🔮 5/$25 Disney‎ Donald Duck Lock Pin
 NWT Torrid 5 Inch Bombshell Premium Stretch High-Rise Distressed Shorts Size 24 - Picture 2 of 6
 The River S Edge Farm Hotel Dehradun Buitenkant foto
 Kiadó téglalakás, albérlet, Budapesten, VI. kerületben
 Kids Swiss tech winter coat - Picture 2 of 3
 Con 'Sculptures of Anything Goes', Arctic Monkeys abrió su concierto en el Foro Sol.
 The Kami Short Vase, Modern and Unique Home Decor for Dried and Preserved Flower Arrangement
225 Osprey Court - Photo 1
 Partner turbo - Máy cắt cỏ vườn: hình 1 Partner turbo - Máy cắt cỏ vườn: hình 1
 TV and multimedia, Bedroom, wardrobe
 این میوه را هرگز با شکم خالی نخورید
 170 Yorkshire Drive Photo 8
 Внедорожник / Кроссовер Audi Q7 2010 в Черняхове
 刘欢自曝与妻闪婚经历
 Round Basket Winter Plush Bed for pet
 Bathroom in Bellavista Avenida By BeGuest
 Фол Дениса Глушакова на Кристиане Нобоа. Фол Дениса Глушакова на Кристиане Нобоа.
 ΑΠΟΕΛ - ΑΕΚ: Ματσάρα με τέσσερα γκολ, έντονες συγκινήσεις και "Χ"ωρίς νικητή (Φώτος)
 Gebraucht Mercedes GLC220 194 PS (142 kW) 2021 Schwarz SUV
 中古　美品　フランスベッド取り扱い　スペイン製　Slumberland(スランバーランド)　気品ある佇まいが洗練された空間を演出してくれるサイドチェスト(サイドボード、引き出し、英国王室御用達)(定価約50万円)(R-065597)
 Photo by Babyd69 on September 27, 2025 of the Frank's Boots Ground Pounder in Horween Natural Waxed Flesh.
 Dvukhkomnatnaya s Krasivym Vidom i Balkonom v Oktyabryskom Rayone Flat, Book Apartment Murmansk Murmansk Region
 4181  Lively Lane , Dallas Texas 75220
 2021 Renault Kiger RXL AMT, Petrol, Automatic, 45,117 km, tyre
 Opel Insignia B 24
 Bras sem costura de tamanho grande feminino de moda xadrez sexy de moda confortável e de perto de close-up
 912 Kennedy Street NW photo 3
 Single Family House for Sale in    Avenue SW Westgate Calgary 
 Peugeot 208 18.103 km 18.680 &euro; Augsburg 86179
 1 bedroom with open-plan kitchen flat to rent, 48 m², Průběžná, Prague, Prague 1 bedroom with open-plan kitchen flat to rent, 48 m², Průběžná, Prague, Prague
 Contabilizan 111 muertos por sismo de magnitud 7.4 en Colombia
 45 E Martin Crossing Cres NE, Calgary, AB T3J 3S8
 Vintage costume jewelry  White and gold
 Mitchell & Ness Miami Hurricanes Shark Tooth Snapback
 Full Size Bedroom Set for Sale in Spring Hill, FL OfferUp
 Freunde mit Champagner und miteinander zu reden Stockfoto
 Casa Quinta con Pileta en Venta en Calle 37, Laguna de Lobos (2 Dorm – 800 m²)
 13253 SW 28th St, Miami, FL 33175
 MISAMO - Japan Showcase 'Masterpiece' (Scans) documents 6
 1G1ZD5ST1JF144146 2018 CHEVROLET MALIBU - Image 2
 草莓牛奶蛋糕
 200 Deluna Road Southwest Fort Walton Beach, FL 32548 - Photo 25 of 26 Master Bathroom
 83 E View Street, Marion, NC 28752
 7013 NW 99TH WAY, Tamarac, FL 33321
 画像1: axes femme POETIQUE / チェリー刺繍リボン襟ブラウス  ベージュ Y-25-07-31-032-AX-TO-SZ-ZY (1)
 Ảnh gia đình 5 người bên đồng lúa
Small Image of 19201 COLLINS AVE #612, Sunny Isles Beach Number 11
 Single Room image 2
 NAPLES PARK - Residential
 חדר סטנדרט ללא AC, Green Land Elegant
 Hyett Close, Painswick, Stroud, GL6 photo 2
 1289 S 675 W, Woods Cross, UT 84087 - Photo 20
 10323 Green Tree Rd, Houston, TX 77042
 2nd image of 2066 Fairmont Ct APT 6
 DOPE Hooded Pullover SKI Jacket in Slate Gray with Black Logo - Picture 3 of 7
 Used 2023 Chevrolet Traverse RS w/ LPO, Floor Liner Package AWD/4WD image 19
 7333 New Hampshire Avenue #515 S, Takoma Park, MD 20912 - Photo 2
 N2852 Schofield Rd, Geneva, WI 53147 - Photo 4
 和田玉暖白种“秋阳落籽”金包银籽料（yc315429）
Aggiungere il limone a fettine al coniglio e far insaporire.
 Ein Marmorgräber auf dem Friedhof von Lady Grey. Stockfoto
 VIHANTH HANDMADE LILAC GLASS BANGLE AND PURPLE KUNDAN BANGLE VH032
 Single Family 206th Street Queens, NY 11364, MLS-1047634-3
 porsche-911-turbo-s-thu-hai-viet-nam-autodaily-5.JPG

= = = =

• [DIRECTIONS FOR THIS TASK]: From the top of the material above, please transcribe each line exactly. Include the line with "Peugeot 208 18.103" and end there.

• [ANSWER]:
🔮 5/$25 Disney‎ Donald Duck Lock Pin
 NWT Torrid 5 Inch Bombshell Premium Stretch High-Rise Distressed Shorts Size 24 - Picture 2 of 6
 The River S Edge Farm Hotel Dehradun Buitenkant foto
 Kiadó téglalakás, albérlet, Budapesten, VI. kerületben
 Kids Swiss tech winter coat - Picture 2 of 3
 Con 'Sculptures of Anything Goes', Arctic Monkeys abrió su concierto en el Foro Sol.
 The Kami Short Vase, Modern and Unique Home Decor for Dried and Preserved Flower Arrangement
225 Osprey Court - Photo 1
 Partner turbo - Máy cắt cỏ vườn: hình 1 Partner turbo - Máy cắt cỏ vườn: hình 1
 TV and multimedia, Bedroom, wardrobe
 این میوه را هرگز با شکم خالی نخورید
 170 Yorkshire Drive Photo 8
 Внедорожник / Кроссовер Audi Q7 2010 в Черняхове
 刘欢自曝与妻闪婚经历
 Round Basket Winter Plush Bed for pet
 Bathroom in Bellavista Avenida By BeGuest
 Фол Дениса Глушакова на Кристиане Нобоа. Фол Дениса Глушакова на Кристиане Нобоа.
 ΑΠΟΕΛ - ΑΕΚ: Ματσάρα με τέσσερα γκολ, έντονες συγκινήσεις και "Χ"ωρίς νικητή (Φώτος)
 Gebraucht Mercedes GLC220 194 PS (142 kW) 2021 Schwarz SUV
 中古　美品　フランスベッド取り扱い　スペイン製　Slumberland(スランバーランド)　気品ある佇まいが洗練された空間を演出してくれるサイドチェスト(サイドボード、引き出し、英国王室御用達)(定価約50万円)(R-065597)
 Photo by Babyd69 on September 27, 2025 of the Frank's Boots Ground Pounder in Horween Natural Waxed Flesh.
 Dvukhkomnatnaya s Krasivym Vidom i Balkonom v Oktyabryskom Rayone Flat, Book Apartment Murmansk Murmansk Region
 4181  Lively Lane , Dallas Texas 75220
 2021 Renault Kiger RXL AMT, Petrol, Automatic, 45,117 km, tyre
 Opel Insignia B 24
 Bras sem costura de tamanho grande feminino de moda xadrez sexy de moda confortável e de perto de close-up
 912 Kennedy Street NW photo 3
 Single Family House for Sale in    Avenue SW Westgate Calgary 
 Peugeot 208 18.103 km 18.680 &euro; Augsburg 86179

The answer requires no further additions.